Mr. Fullerton was enthusiastic, cheerful, and never smug about his vast knowledge of automobiles, said Fred Hilton, a lawyer from Duxbury who helped Mr. Fullerton buy the dealership.

“There are a lot of sports car buffs who like to talk about cars. He could always outtalk them,’’ Hilton said. “He was a delightful guy, and people responded to that.’’

To employees, Mr. Fullerton seemed a kid in a candy store, said Freeman, who worked at Auto Engineering for a little more than three decades. He concentrated on the sales department, and let others run their departments the way they saw fit, Freeman said.

“It was almost like a family,’’ said Freeman. “Practically no one ever left because it was a great place to work. He had a lot of trust for us.’’

Mr. Fullerton also raced performance cars, driving a Porsche 911 and a BMW 2002tii in the New England division of the Sports Car Club of America, his family said. He also collected antique sports cars, including an AC Cobra and several two-seat Mercedes-Benz 300SLs, known for their distinctive gull-wing doors.

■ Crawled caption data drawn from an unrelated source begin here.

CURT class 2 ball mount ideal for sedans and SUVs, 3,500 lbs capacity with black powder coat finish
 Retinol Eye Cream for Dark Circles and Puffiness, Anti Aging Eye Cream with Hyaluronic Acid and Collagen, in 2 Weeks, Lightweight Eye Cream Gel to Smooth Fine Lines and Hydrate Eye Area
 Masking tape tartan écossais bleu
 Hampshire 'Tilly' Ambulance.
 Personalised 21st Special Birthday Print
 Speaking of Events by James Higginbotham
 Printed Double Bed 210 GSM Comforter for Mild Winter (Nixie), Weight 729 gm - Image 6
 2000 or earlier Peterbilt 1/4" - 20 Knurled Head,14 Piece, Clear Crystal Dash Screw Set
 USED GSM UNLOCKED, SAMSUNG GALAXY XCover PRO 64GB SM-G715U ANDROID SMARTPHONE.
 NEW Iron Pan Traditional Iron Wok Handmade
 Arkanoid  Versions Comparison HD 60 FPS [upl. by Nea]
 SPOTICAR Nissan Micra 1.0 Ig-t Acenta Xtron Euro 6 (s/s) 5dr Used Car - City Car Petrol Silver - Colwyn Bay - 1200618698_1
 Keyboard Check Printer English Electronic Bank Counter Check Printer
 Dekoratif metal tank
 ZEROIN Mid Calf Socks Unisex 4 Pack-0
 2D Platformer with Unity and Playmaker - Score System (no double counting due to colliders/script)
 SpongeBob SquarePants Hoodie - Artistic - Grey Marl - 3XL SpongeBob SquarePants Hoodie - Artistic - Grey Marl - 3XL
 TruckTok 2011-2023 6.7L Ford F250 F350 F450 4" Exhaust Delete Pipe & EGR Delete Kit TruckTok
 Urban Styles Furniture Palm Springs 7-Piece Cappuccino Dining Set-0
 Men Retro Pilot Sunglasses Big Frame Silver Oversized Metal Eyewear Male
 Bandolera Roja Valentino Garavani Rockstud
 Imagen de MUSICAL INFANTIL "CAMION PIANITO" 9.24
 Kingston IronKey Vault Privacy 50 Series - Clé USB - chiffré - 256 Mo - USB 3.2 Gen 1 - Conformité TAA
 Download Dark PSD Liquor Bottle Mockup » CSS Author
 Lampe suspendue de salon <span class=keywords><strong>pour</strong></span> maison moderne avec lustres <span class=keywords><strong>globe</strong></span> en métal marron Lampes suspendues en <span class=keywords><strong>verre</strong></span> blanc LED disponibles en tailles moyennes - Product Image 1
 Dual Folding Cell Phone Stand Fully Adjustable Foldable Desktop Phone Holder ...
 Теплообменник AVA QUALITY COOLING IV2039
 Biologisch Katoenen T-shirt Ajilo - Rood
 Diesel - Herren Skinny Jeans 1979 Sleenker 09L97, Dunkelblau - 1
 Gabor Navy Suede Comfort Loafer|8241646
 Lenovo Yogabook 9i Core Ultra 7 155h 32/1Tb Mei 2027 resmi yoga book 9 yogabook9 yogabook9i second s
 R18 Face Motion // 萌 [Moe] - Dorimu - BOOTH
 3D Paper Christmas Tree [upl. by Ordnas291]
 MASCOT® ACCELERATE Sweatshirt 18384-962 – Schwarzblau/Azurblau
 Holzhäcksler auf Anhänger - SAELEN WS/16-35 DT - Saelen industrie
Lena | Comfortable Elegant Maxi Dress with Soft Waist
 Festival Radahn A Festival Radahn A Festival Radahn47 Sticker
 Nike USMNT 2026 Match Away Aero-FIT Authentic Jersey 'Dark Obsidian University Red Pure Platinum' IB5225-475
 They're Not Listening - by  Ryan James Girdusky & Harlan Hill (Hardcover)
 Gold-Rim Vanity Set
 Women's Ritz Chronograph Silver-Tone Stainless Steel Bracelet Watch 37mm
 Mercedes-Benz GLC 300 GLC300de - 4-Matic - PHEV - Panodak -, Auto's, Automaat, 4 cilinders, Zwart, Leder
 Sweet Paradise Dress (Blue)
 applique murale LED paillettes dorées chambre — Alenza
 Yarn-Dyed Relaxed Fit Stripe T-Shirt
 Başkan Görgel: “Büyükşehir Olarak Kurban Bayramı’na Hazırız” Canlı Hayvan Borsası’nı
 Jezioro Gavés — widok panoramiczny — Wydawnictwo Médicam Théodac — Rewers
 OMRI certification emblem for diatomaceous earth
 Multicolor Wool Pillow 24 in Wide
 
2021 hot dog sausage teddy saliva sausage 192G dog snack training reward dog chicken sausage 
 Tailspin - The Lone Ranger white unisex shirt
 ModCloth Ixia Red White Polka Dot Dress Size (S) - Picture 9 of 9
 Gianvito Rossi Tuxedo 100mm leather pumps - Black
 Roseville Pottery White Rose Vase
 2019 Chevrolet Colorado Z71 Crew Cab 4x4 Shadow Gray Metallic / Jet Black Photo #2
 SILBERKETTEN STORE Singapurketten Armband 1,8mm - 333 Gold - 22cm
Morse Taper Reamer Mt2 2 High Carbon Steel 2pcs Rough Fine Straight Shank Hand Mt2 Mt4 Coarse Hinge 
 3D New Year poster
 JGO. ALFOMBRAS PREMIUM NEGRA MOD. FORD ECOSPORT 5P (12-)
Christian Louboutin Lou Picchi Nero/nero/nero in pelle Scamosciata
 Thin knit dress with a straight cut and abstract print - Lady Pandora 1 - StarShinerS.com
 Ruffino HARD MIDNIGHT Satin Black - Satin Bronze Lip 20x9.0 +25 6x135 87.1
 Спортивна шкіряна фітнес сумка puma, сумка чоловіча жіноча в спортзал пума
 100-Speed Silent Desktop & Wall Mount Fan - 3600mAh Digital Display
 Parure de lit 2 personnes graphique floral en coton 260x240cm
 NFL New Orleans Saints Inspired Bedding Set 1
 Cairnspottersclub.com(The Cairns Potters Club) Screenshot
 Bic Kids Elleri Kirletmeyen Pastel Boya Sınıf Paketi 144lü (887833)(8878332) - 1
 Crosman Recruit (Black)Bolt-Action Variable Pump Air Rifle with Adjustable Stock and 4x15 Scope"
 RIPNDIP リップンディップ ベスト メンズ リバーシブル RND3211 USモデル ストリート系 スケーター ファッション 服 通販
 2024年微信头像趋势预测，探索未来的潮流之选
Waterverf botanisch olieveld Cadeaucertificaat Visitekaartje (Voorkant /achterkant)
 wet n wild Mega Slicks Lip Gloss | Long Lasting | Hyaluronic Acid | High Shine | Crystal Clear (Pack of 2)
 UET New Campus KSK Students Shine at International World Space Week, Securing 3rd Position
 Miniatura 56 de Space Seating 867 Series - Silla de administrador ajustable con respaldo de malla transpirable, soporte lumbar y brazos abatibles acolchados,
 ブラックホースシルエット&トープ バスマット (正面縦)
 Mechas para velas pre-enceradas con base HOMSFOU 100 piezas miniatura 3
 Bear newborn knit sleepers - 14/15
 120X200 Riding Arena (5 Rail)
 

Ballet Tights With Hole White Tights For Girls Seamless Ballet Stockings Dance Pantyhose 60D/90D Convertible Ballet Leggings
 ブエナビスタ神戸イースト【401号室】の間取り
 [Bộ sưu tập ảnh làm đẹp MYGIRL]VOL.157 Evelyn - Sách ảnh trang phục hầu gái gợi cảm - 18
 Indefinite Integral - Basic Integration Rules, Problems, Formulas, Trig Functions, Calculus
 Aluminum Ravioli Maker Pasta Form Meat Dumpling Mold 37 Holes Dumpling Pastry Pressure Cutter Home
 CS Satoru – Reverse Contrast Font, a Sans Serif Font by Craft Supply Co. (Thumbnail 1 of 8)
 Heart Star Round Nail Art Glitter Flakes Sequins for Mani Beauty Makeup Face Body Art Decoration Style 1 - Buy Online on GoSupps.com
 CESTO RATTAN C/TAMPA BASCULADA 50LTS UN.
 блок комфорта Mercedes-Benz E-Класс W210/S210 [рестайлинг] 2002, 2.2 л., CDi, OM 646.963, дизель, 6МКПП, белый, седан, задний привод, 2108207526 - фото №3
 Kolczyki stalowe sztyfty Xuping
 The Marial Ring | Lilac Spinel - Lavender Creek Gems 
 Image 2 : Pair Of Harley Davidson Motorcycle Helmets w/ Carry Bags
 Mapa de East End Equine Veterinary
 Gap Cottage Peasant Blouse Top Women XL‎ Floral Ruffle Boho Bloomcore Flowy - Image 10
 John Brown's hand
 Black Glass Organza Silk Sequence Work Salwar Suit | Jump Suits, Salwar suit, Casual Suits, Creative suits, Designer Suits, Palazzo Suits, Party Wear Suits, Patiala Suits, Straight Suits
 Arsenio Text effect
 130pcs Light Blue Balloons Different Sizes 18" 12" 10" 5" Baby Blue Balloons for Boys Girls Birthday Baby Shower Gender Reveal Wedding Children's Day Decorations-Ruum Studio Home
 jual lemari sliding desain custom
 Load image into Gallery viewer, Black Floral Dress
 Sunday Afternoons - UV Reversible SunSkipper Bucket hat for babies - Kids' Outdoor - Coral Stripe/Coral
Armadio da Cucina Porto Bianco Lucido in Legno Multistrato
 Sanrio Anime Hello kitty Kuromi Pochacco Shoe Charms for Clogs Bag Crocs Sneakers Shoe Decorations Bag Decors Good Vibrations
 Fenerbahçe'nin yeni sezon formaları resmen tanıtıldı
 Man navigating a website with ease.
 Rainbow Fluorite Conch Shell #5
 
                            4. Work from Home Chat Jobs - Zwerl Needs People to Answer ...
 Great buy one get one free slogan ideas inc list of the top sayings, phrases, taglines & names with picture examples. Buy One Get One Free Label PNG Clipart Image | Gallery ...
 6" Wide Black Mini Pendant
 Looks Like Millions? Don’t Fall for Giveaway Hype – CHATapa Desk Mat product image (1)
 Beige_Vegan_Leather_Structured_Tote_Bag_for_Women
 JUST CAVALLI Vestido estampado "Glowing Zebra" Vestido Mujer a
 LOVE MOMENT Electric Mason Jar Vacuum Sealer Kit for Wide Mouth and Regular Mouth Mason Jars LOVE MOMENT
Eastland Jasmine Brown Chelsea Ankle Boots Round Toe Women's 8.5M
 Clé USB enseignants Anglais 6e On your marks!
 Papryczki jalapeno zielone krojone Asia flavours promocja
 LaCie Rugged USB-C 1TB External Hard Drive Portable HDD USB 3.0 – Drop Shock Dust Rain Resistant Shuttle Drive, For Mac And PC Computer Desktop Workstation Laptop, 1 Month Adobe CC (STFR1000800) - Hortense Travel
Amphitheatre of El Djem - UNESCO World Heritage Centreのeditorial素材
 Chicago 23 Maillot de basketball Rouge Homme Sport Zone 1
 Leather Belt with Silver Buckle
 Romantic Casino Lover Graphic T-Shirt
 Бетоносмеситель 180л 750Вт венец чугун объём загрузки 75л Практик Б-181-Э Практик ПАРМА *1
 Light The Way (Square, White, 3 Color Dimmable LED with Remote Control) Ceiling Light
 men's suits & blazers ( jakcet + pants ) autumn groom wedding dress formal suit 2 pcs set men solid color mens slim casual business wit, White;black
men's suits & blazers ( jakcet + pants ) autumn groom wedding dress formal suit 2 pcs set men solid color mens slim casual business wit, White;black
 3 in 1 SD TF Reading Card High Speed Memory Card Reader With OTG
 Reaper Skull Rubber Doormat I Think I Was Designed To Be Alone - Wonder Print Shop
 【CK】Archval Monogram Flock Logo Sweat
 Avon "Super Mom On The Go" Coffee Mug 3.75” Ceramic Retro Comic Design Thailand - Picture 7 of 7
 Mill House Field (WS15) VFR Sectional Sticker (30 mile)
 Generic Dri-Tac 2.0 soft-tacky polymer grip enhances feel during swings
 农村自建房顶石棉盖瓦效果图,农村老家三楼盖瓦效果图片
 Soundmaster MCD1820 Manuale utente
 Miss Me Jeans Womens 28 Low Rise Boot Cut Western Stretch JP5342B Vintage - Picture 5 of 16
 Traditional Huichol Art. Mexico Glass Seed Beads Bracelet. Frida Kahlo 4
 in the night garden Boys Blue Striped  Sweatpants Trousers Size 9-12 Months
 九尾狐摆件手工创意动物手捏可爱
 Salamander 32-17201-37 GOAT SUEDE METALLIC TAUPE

His passion for cars had no end, his daughter Victoria said. Mr. Fullerton would take his daughters out for ice cream on Sundays in one of his sports cars; years earlier, he fashioned his honeymoon into a six-week road trip in an antique car across Europe.

Besides automobiles, Mr. Fullerton had a flair for drawing, helping design his three houses in Sudbury, Quissett Harbor (in Falmouth), and the Bahamas.

He retained an appreciation for wild, unmanicured nature, as it was in his native Australia, and landscaped the homes in that fashion, his daughter said.

In addition to his daughter and wife, Mr. Fullerton leaves another daughter, Honor Fullerton-Stone of Menlo Park, Calif.; and four grandchildren.

A memorial service is planned in November on Cape Cod.